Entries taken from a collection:
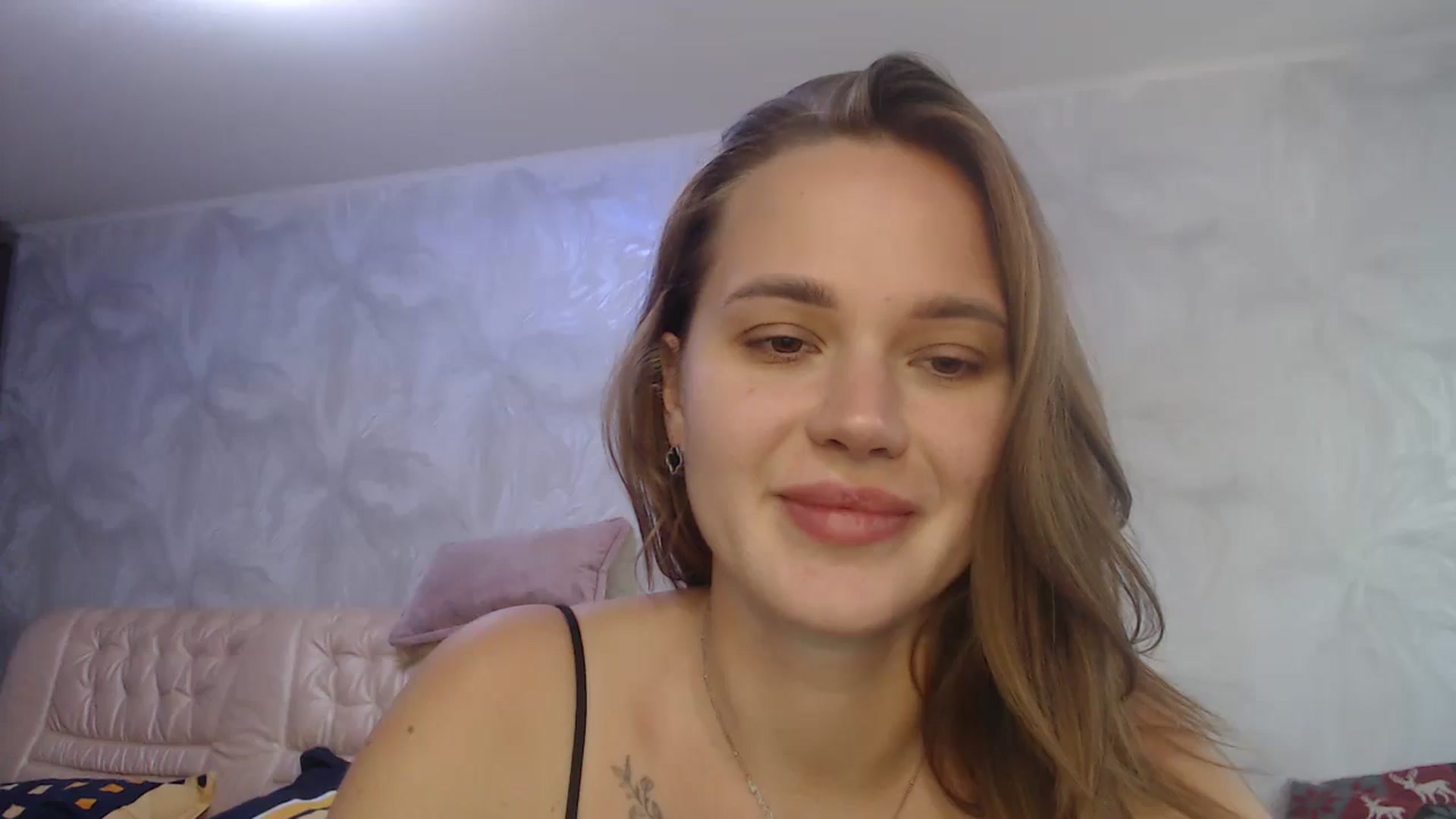 Gallery image thumbnail from CherryyQ's myfreecams stream on, 09/07/2025, 10:46 image 7 of 20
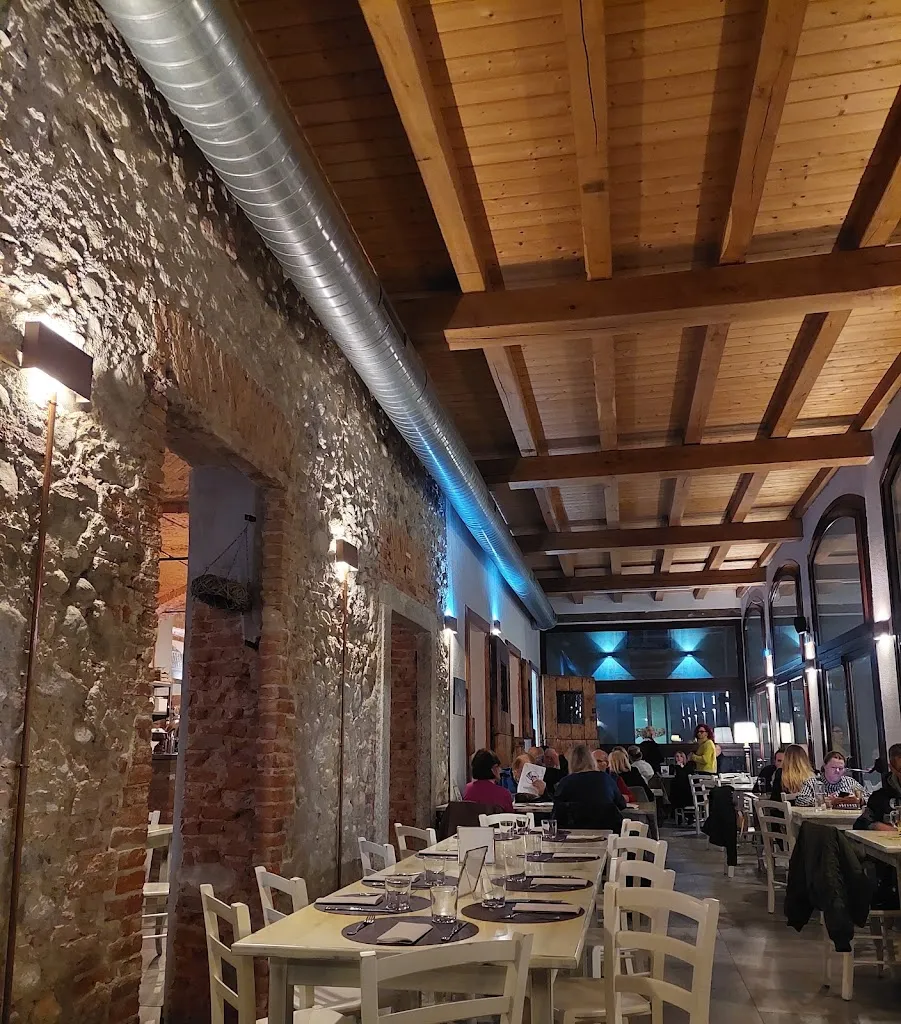 La scuderia ristorante a Varano Borghi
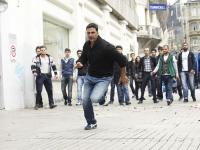 हॉलिवूडचे स्टंटमॅन बॉलिवूडमध्ये पॉप्युलर - Marathi News | Hollywood's Stuntman Popular in Bollywood | Latest filmy Photos at Lokmat.com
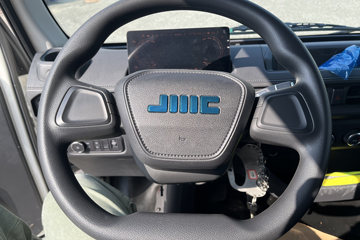 ����E˳�� 2025�� ���綯 4X2 Һɲ 3.8�׵�����ʽ�Ῠ �д��º�50.38kWhͼƬ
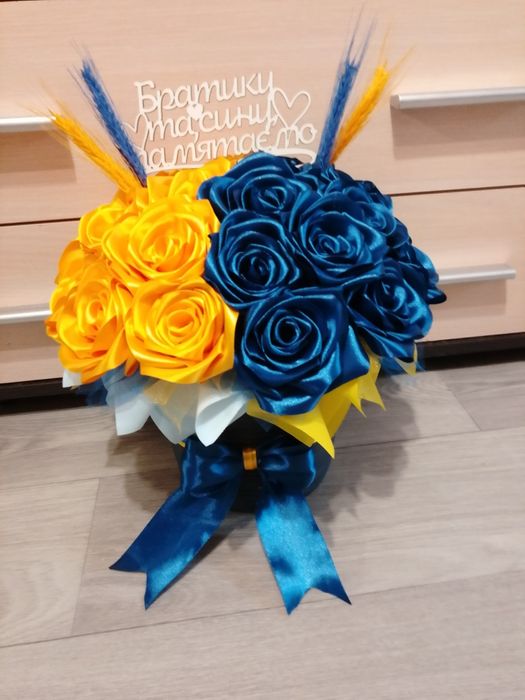 Композиції для загиблих.Букети з атласних стрічок та цукерок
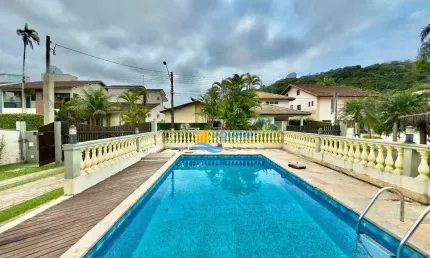 Casa à venda no Jardim Pernambuco 2, 3 Quartos, 2 Vagas.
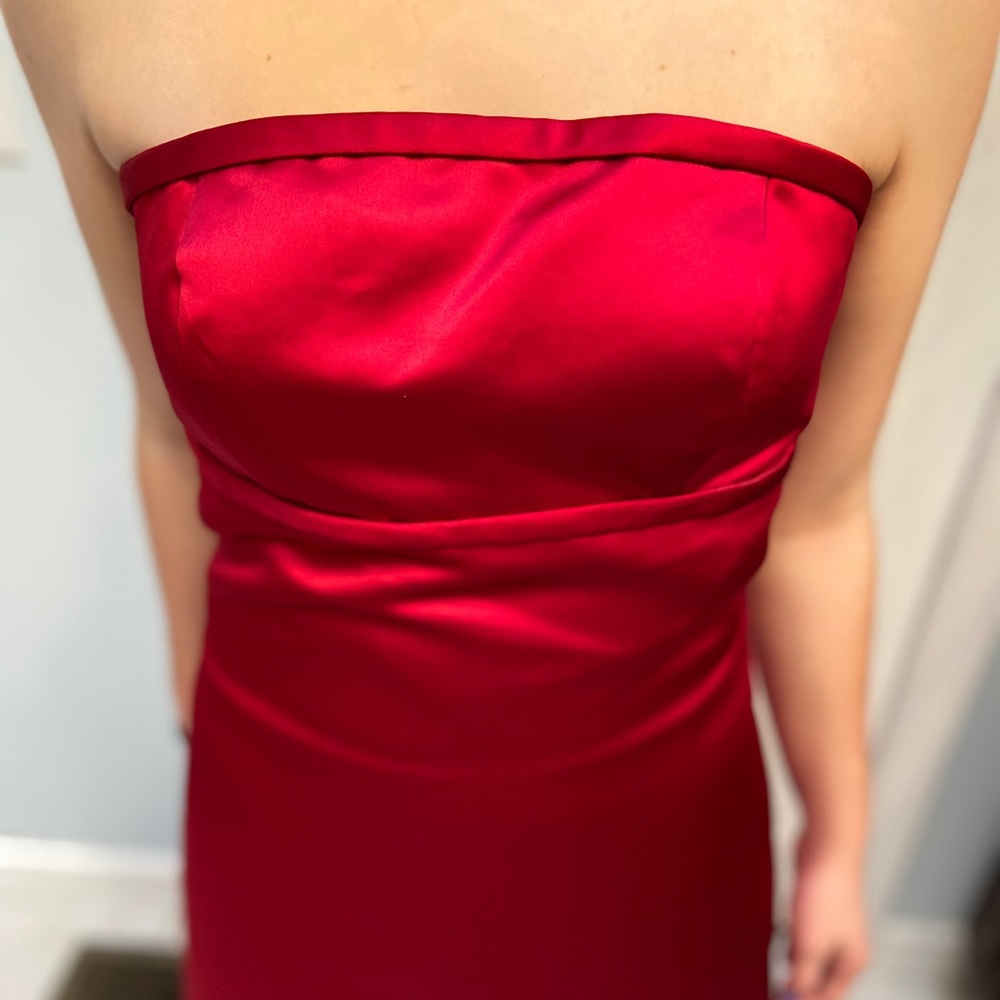 Size 4 - red satin Formal Dress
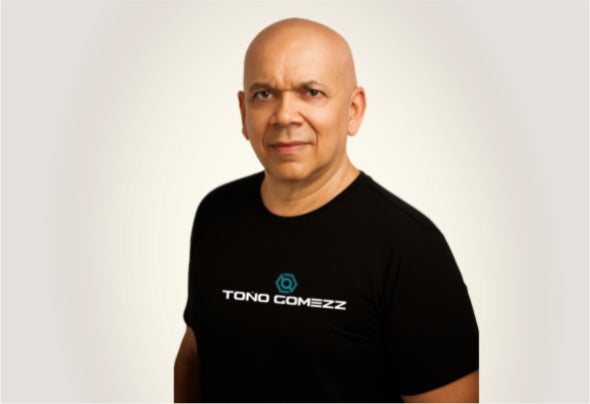 Tono Gomezz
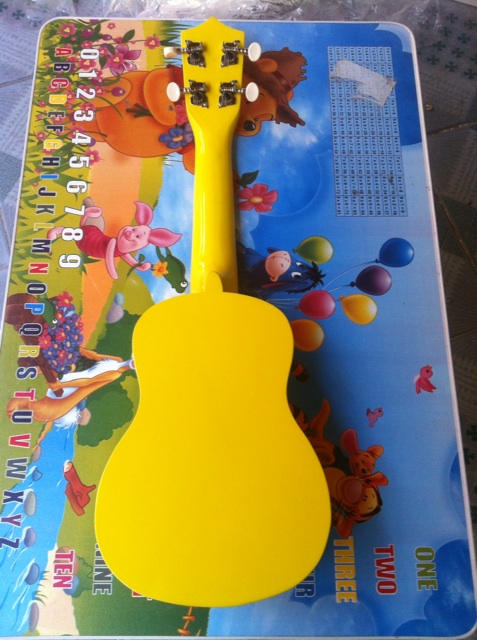 Ukulele vàng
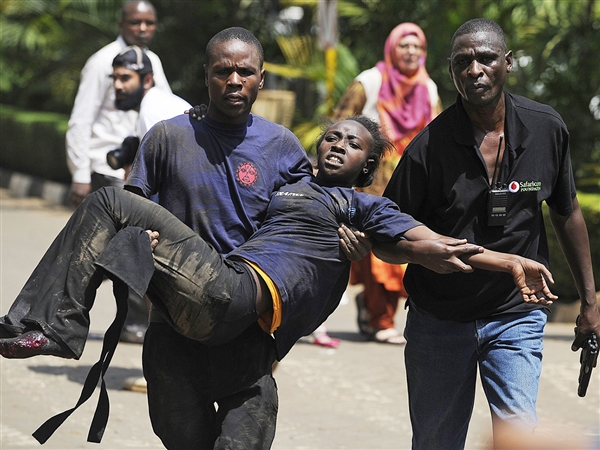 Adolescentă găsită în viață, la două zile de la masacrul din campusul universitar din Kenya - llll-1428167726.jpg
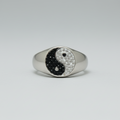 Anillo de acero con circonitas Yin- Yan. IVA incluido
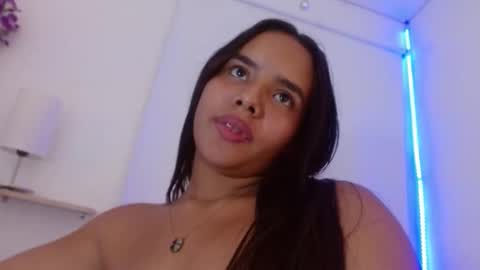 Snapshot of roxy_stone1 chatting on 10-31-25, 08:21 roxy_stone1 online show from 10-31-25, 08:21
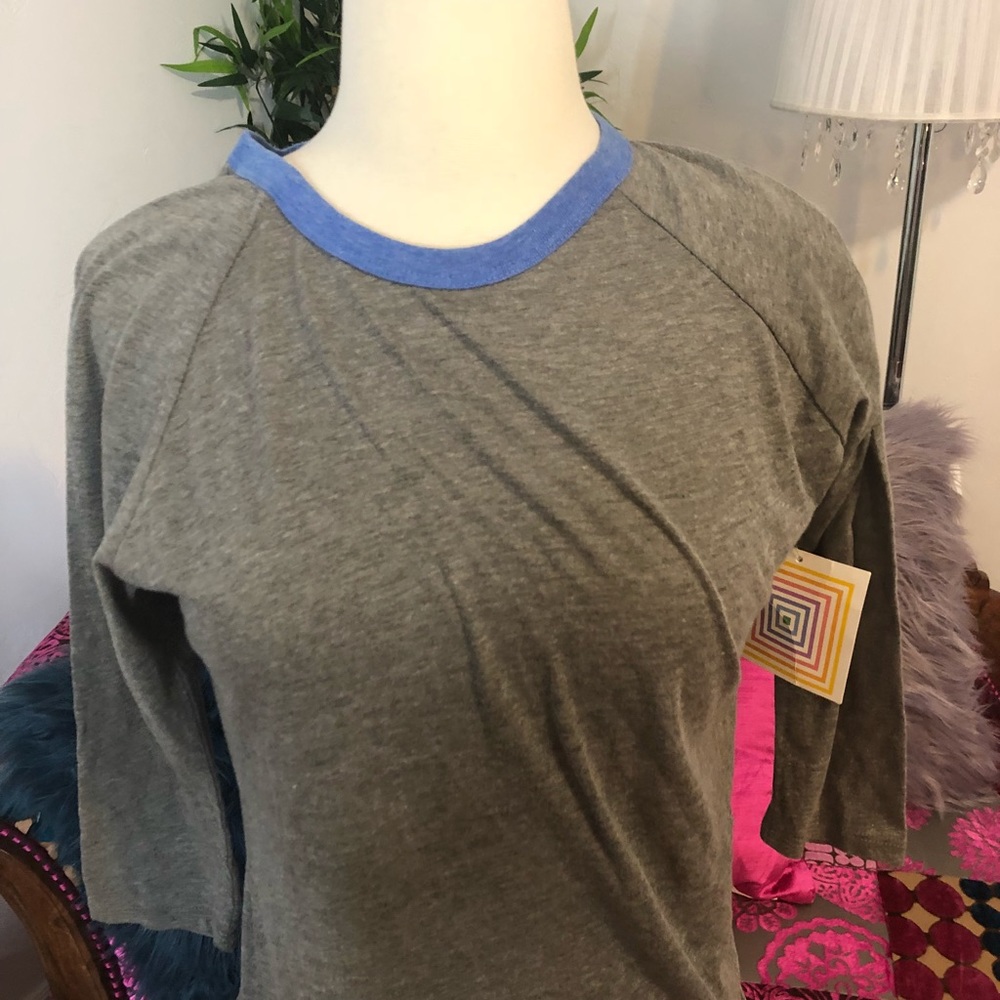 LULAROE (BRAND NEW WITH TAGS) 3/4th Sleeve - Picture 4 of 4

● **What you will do**
Copy every record exactly as written, leaving out the pictures.

● **Written reply**
 Gallery image thumbnail from CherryyQ's myfreecams stream on, 09/07/2025, 10:46 image 7 of 20
 La scuderia ristorante a Varano Borghi
 हॉलिवूडचे स्टंटमॅन बॉलिवूडमध्ये पॉप्युलर - Marathi News | Hollywood's Stuntman Popular in Bollywood | Latest filmy Photos at Lokmat.com
 ����E˳�� 2025�� ���綯 4X2 Һɲ 3.8�׵�����ʽ�Ῠ �д��º�50.38kWhͼƬ
 Композиції для загиблих.Букети з атласних стрічок та цукерок
 Casa à venda no Jardim Pernambuco 2, 3 Quartos, 2 Vagas.
 Size 4 - red satin Formal Dress
 Tono Gomezz
 Ukulele vàng
 Adolescentă găsită în viață, la două zile de la masacrul din campusul universitar din Kenya - llll-1428167726.jpg
 Anillo de acero con circonitas Yin- Yan. IVA incluido
 Snapshot of roxy_stone1 chatting on 10-31-25, 08:21 roxy_stone1 online show from 10-31-25, 08:21
 LULAROE (BRAND NEW WITH TAGS) 3/4th Sleeve - Picture 4 of 4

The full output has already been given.